— Dataset excerpt —
=======

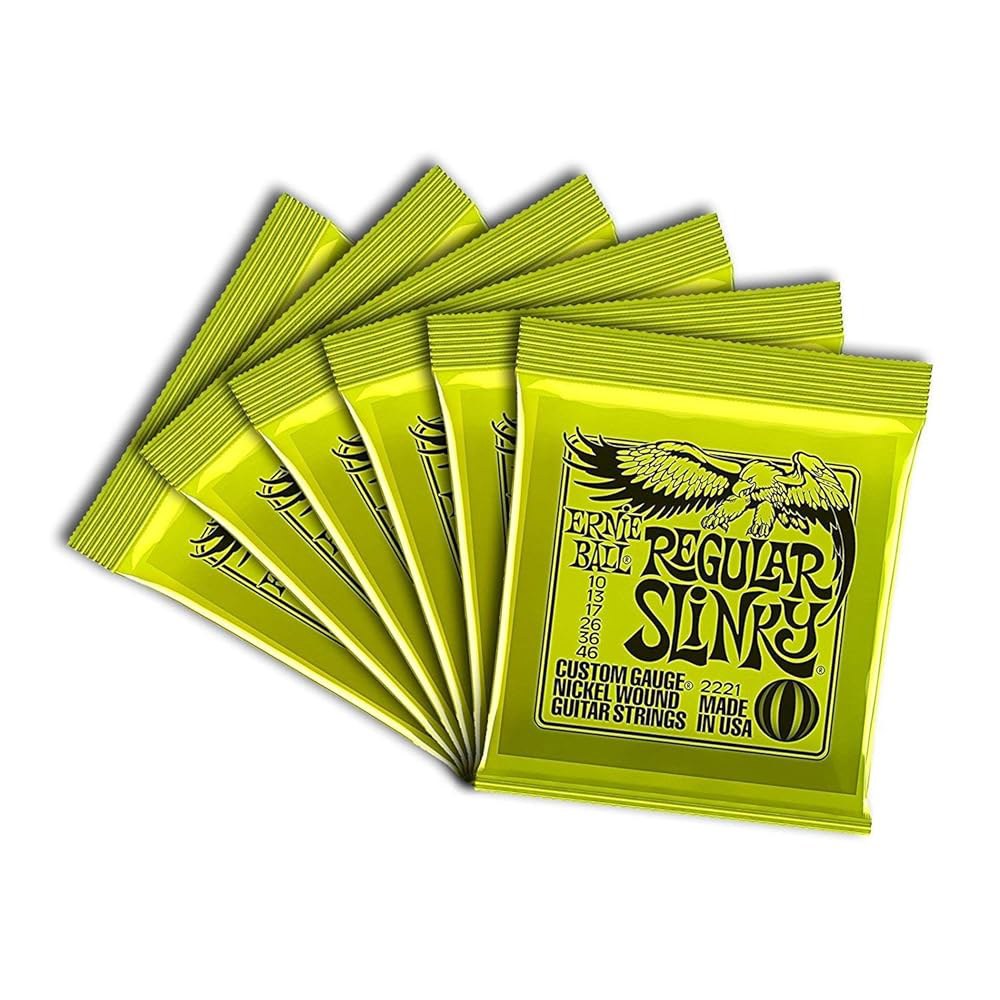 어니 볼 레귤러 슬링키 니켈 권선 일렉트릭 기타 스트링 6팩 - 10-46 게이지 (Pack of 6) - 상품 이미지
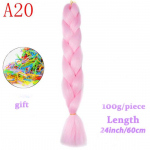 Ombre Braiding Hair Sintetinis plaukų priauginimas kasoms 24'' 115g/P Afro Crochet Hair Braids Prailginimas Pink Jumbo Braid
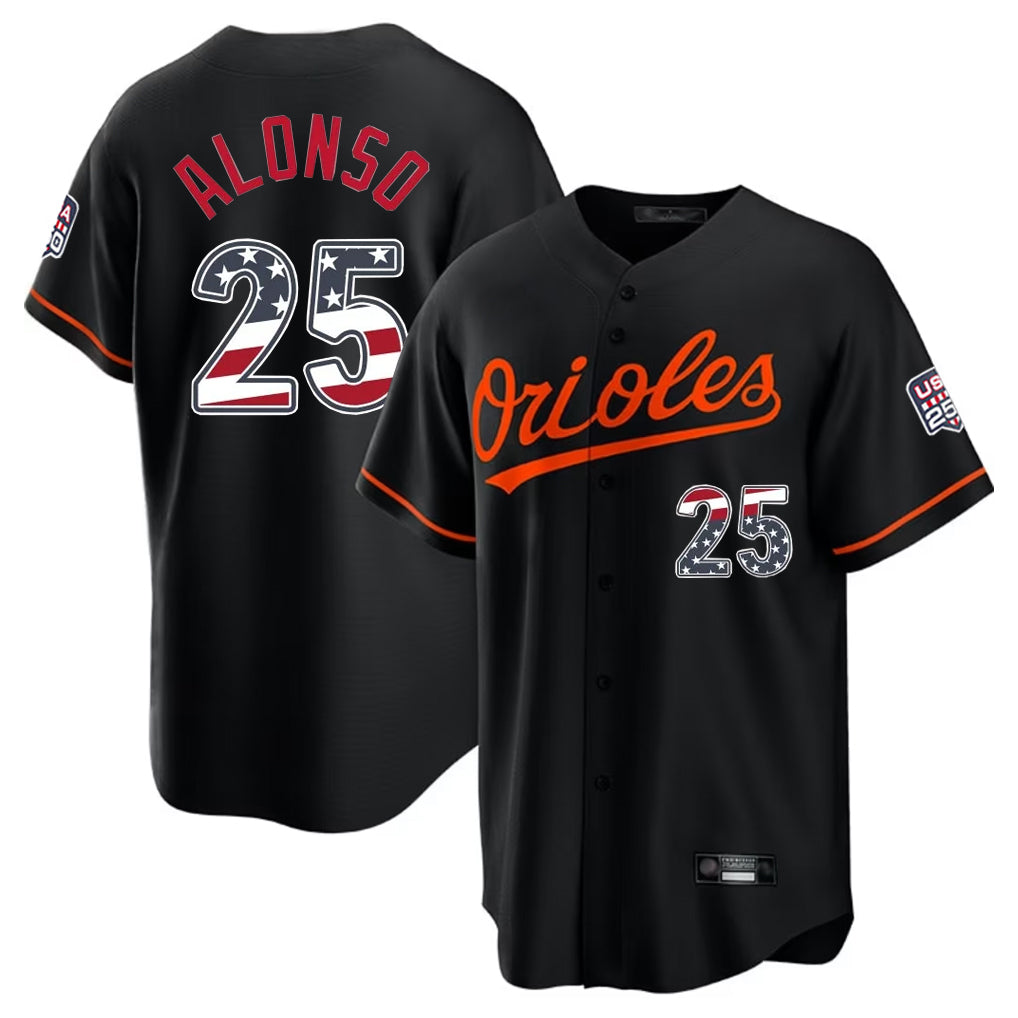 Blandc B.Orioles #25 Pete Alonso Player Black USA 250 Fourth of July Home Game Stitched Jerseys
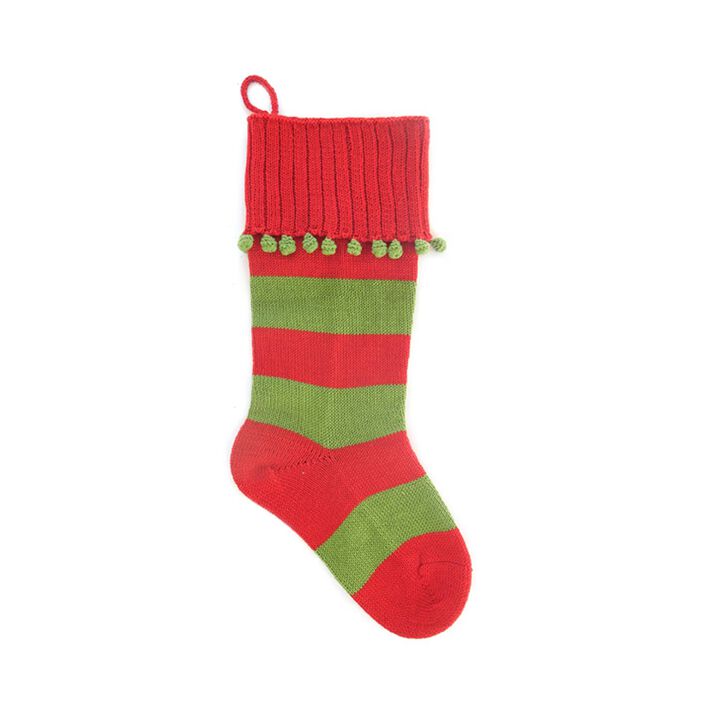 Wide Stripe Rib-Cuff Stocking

=======

— Task prompt —
Set down every line above exactly, pictures excluded.

— Exercise solution —
 어니 볼 레귤러 슬링키 니켈 권선 일렉트릭 기타 스트링 6팩 - 10-46 게이지 (Pack of 6) - 상품 이미지
 Ombre Braiding Hair Sintetinis plaukų priauginimas kasoms 24'' 115g/P Afro Crochet Hair Braids Prailginimas Pink Jumbo Braid
 Blandc B.Orioles #25 Pete Alonso Player Black USA 250 Fourth of July Home Game Stitched Jerseys
 Wide Stripe Rib-Cuff Stocking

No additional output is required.